Believe you me, if I knew him longer than I had at that time, I would have blasted him for what he just said. But I didn’t know him well at all and I became so red in the face that I very quietly and quickly finished my meal and excused myself.
That weekend, I rushed to MAC and bought my first expensive foundation. And I didn’t stop wearing foundation to work or out the house until many years later. I wouldn’t even go to Woolworths without at least slapping some BB cream on. When my cousin Beetrice came to visit, she was surprised that I was so dolled up just to go to the grocery store. She even asked me “Err, we’re just going to Centro, right?”
So how did I stop feeling naked without a lick of makeup on? I’ll toot my own horn here a little and say that it was due to religious caring for my skin.
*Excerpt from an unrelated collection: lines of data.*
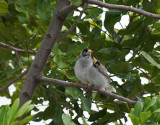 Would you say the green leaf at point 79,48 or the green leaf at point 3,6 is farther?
the green leaf at point 3,6

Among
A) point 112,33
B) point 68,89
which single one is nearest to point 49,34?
point 68,89

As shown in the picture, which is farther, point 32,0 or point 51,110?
point 32,0

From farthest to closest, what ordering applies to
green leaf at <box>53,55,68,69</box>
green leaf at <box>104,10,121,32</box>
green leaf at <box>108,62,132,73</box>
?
green leaf at <box>104,10,121,32</box> → green leaf at <box>108,62,132,73</box> → green leaf at <box>53,55,68,69</box>

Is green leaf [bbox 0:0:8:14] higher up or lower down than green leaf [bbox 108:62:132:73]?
higher up

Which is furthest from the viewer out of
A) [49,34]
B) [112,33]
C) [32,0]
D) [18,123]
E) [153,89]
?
[32,0]

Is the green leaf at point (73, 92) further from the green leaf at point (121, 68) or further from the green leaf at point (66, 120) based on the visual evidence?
the green leaf at point (66, 120)

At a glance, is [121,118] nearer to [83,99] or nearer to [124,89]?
[124,89]

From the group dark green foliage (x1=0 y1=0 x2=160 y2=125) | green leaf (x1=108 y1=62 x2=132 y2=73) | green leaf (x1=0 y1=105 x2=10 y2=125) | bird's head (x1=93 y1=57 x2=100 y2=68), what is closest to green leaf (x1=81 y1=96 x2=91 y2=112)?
dark green foliage (x1=0 y1=0 x2=160 y2=125)

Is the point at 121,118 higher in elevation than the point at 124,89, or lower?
lower

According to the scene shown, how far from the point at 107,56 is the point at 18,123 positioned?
1.41 m

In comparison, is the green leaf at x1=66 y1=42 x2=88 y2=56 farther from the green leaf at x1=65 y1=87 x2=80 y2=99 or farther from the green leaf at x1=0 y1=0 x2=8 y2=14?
the green leaf at x1=0 y1=0 x2=8 y2=14

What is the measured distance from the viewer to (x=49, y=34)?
2699 mm

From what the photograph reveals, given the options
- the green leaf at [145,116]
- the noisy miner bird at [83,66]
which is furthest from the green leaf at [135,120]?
the noisy miner bird at [83,66]

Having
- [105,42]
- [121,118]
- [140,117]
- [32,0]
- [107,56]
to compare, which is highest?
[32,0] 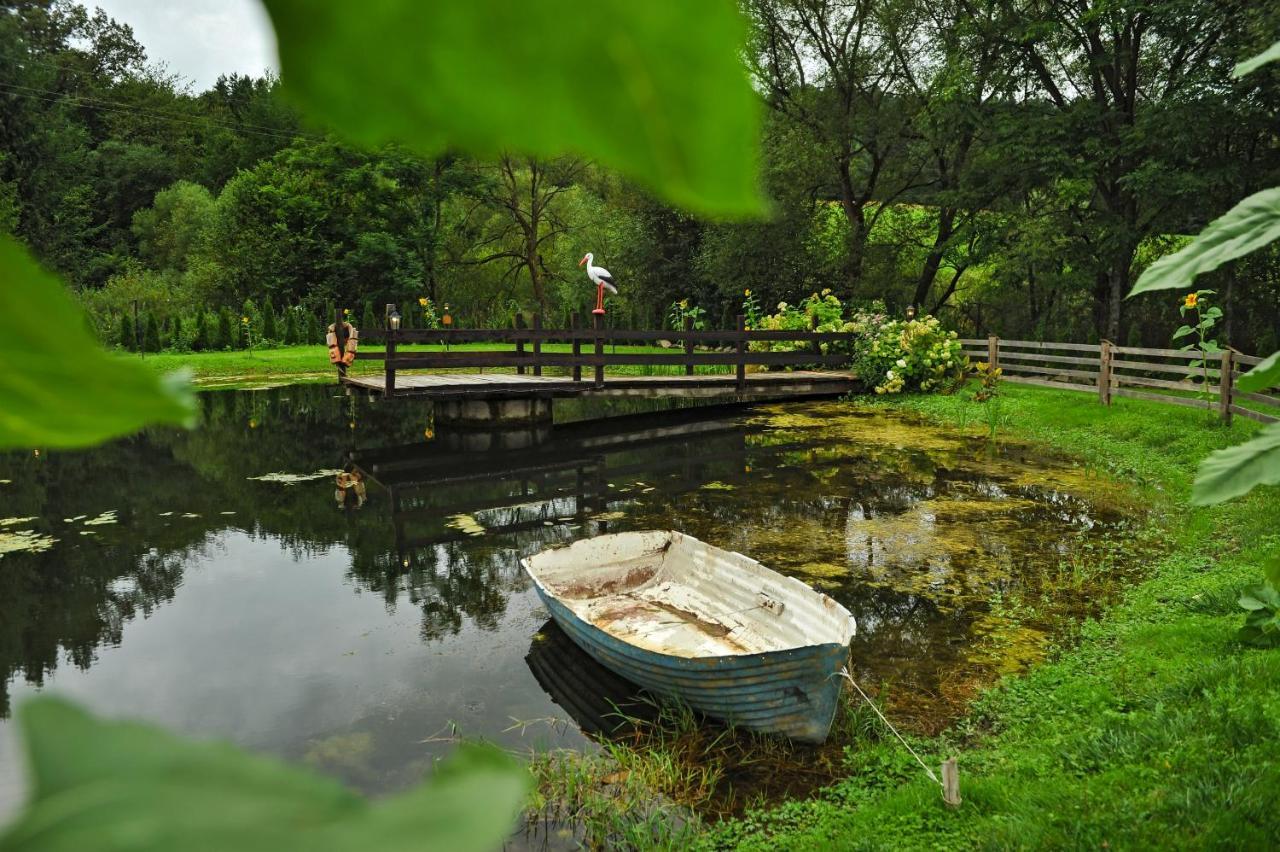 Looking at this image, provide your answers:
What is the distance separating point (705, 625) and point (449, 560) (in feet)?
10.0

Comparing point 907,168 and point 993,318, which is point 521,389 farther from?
point 993,318

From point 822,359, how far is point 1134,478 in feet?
26.5

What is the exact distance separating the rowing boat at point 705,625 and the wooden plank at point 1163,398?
7.83m

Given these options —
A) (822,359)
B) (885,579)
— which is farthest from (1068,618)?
(822,359)

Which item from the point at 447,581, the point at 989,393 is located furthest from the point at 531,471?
the point at 989,393

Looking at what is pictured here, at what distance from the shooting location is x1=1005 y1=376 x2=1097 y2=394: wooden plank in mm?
13662

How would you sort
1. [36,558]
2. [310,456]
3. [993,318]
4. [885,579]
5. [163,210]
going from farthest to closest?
[993,318], [310,456], [36,558], [885,579], [163,210]

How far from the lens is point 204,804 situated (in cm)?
11

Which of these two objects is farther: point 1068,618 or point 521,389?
point 521,389

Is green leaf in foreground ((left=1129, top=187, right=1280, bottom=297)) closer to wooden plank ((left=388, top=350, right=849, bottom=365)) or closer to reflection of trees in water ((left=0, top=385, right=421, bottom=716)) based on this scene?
reflection of trees in water ((left=0, top=385, right=421, bottom=716))

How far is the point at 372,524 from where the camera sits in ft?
30.2

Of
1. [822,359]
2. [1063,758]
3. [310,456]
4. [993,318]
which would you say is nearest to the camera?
[1063,758]

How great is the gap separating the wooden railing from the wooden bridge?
0.7 inches

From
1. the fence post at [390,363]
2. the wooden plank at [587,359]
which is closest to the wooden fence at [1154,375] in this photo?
the wooden plank at [587,359] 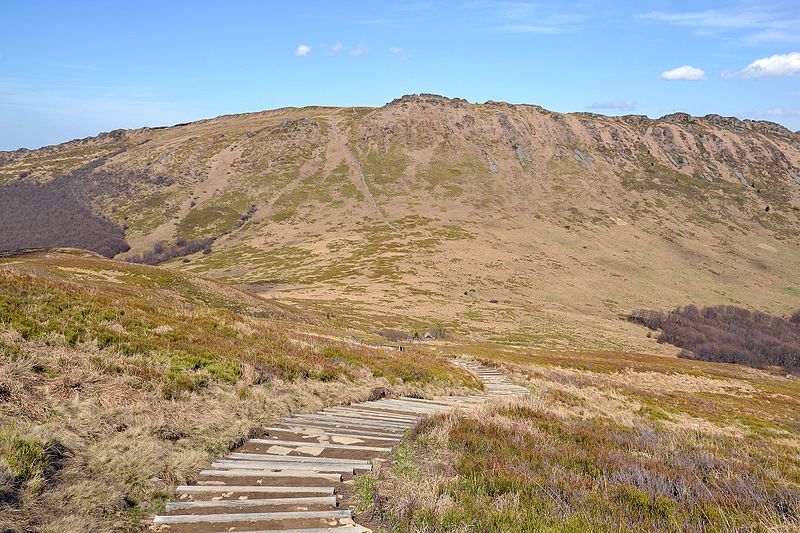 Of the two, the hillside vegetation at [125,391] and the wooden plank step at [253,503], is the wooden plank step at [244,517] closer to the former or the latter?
the wooden plank step at [253,503]

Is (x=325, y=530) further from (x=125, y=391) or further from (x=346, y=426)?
(x=125, y=391)

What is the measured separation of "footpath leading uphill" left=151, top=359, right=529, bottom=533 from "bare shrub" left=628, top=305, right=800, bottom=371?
101 metres

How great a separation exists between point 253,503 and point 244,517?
0.44 metres

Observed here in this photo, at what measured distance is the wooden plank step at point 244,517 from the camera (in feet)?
22.0

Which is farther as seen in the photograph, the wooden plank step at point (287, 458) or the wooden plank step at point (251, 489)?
the wooden plank step at point (287, 458)

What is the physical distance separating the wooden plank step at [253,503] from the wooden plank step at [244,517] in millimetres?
266

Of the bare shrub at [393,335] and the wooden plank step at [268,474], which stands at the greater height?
the wooden plank step at [268,474]

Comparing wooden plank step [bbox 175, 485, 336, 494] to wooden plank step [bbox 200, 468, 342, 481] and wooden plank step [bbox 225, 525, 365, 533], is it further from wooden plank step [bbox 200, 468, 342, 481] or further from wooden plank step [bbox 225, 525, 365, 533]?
wooden plank step [bbox 225, 525, 365, 533]

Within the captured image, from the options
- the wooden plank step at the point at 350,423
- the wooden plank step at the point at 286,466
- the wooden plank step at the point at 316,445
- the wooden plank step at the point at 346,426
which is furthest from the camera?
the wooden plank step at the point at 350,423

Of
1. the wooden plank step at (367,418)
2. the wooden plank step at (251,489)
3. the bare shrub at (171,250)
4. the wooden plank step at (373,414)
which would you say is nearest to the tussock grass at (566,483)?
the wooden plank step at (251,489)

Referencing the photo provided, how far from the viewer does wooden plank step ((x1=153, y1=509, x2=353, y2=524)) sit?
6703mm

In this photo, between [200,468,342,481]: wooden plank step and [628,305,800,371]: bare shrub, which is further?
[628,305,800,371]: bare shrub

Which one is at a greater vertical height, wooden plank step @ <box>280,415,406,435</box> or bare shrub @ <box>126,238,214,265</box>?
wooden plank step @ <box>280,415,406,435</box>

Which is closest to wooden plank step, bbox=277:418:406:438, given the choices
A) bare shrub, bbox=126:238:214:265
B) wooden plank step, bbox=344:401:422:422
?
wooden plank step, bbox=344:401:422:422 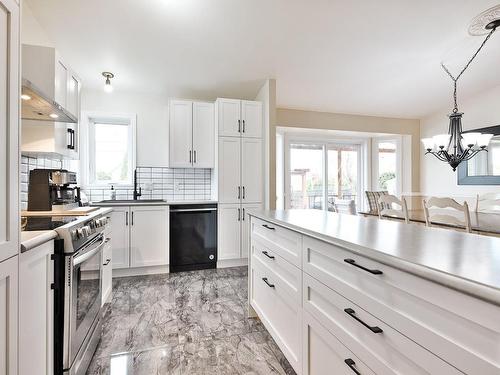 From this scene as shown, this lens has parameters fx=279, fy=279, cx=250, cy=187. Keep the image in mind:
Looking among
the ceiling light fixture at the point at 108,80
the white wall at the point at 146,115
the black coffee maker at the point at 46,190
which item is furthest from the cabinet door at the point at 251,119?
the black coffee maker at the point at 46,190

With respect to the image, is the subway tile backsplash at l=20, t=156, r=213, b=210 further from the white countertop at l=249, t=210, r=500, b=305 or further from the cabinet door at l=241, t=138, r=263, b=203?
the white countertop at l=249, t=210, r=500, b=305

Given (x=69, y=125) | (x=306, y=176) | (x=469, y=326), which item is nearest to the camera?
(x=469, y=326)

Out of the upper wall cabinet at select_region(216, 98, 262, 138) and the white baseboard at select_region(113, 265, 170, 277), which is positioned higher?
the upper wall cabinet at select_region(216, 98, 262, 138)

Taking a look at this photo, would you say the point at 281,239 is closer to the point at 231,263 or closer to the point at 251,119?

Skincare is very important to me and I made damn sure that my skin looked and felt the best it could. A lousy canvas wouldn’t hold nor show off the best paints and the same goes for our skin. While my skin is still rather red around the nose and I still have a lot of hyperpigmentation, it looks good enough without me needing to have foundation/BB cream when I leave the house.
And you know something? It feels pretty damn good to go out without any makeup on and still feel confident about myself.
Funny story? That male colleague I mentioned earlier actually asked me out a year or two later. We had gotten to know each other better then and while we didn’t end up dating, I did tell him about the foundation story. He had absolutely no recollection of that incident, but it stayed with me till now. A woman may forgive but she never forgets.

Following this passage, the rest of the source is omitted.